Ethereum has been under relentless pressure, having lost over 55% from its August 2025 peak near $4,950. A brief crash to $1,507 in early June, triggered by U.S.-Iran tensions, was followed by a relief bounce to around $1,780. On-chain data reveals a stark divergence: wallets holding 10,000 to 100,000 ETH have accumulated around 510,000 tokens since June 5, suggesting whale conviction, while retail activity remains muted. Exchange supply has hit a record low, historically a signal of reduced sell-side pressure.
Meanwhile, U.S. spot Ethereum ETFs recorded $22.5 million in net inflows after four days of outflows, though the broader trend shows only sporadic demand. May 2026 saw over $1.5 billion in total ETH ETF inflows, led by BlackRock and Fidelity, but June has been choppy. Standard Chartered maintains a year-end price target of $7,500 for ETH, citing regulatory clarity and institutional accumulation of 3.8% of circulating supply. Liquidation heatmaps show dense short clusters between $1,840 and $1,900, which could fuel a short squeeze toward the key $2,000 resistance.
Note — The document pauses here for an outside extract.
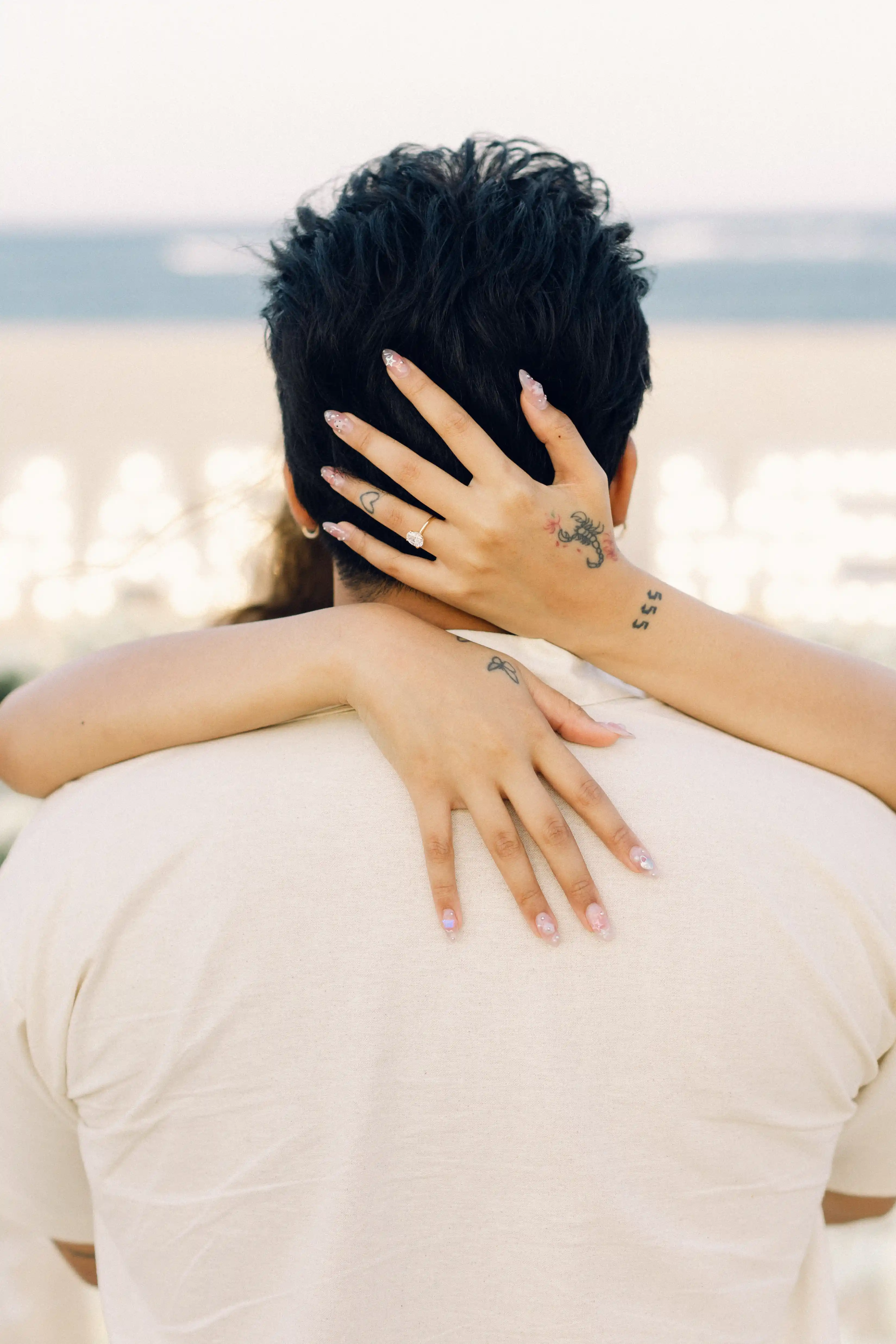 Happy couple hugging after Bali proposal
The macro picture remains dominant. A dovish turn from the Fed could quickly reverse sentiment, but for now, Bitcoin and Ethereum appear trapped in a bearish grip shaped by monetary policy rather than crypto-specific fundamentals. The $1,700–$1,750 zone is critical support for ETH, while BTC’s “high-value entry window” identified by some analysts contrasts sharply with the prevailing market mood.